- [Task brief] All of the data beneath this instruction is to be transcribed word for word.

- [Recorded information]
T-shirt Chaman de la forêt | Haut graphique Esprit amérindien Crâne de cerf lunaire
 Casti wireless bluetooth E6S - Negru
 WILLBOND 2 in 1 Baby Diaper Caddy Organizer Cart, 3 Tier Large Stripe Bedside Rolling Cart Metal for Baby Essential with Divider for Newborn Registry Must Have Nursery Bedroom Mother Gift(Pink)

- [Reply to the exercise]
T-shirt Chaman de la forêt | Haut graphique Esprit amérindien Crâne de cerf lunaire
 Casti wireless bluetooth E6S - Negru
 WILLBOND 2 in 1 Baby Diaper Caddy Organizer Cart, 3 Tier Large Stripe Bedside Rolling Cart Metal for Baby Essential with Divider for Newborn Registry Must Have Nursery Bedroom Mother Gift(Pink)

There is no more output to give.